Sanat tarihi konusunda yazılmış birçok eserin ortak yanı, her sanat akımının bir önceki sanat akımına bir tepki olarak ortaya çıkmış olduğuna yaptıkları vurgudur. Bu, doğru olmakla birlikte hayli eksiktir; çünkü tarih boyunca sanat, siyasetle, bilimle, felsefeyle, iktisatla ve hatta dinsel inançlarla etkileşim içinde olmuştur. Bu kitap sanat akımlarının devinimini de bu ilişkilerle birlikte ele alıyor.
Bu arada ilk soyut resmin yapılışından günümüze yüz yılı aşkın bir süre geçmiş olmasına rağmen birçok sanat izleyicisinin soyut bir eserle karşılaştığında sorduğu “Bu eser ne anlatıyor?” sorusuna da bu ilişkiler çerçevesinde yanıt veriliyor; soyut bir esere nasıl bakılması, soyut bir eserde ne görülmesi ve ne anlaşılması gerektiği anlatılıyor.

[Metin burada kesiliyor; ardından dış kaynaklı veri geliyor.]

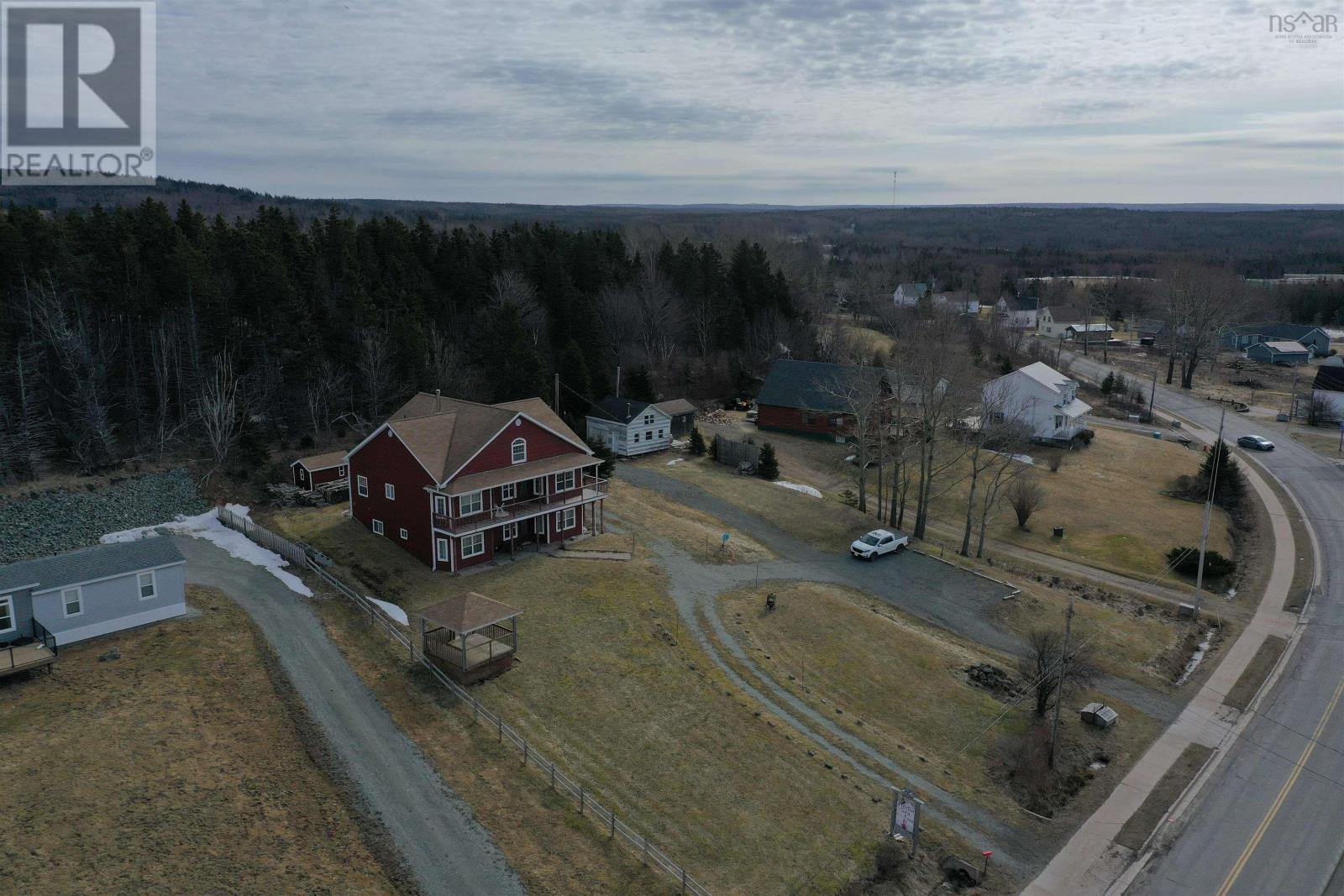 109 High Road Property Photo 4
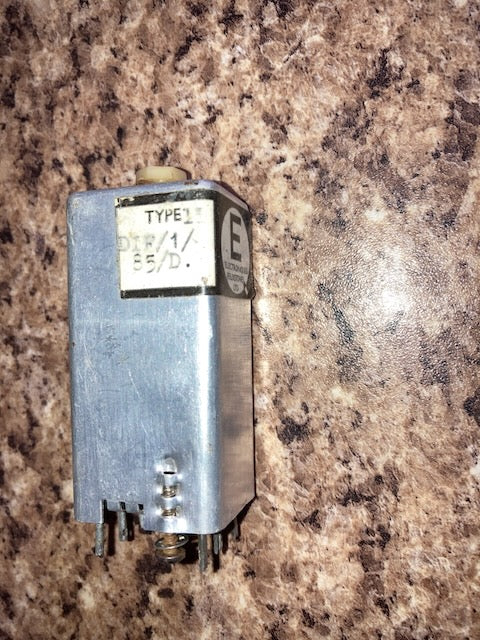 ELECTRONIQUES FELIXTOWE,, IF TRANSFORMER, IFT, TYPE 11, DIF/1/85D NOS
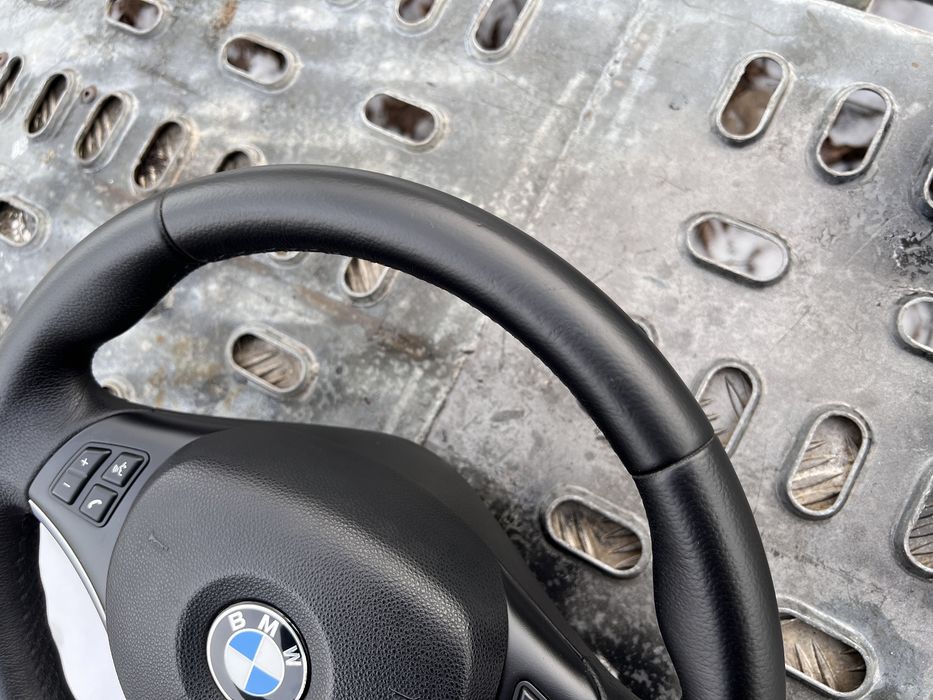 Bmw e90,e91,e87 SportLine волан в много добро състояние.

Sürekli tartışılan bir konu da “Sanat sanat için midir, yoksa toplum için midir?” sorusudur. “Sanat, sanat içindir” görüşü bireysel, yalnızca sanatçı ile sanat eserinin alıcısı ilgilendiren bir görüşken, “Sanat toplum içindir” görüşü siyasetle, propaganda ve algı yönetimiyle, dolayısıyla da sınıf mücadeleleriyle ilişkilidir. Bu iki görüş arasındaki çatışma da süreç içinde, bu ilişkiler bağlamında ele alınıyor.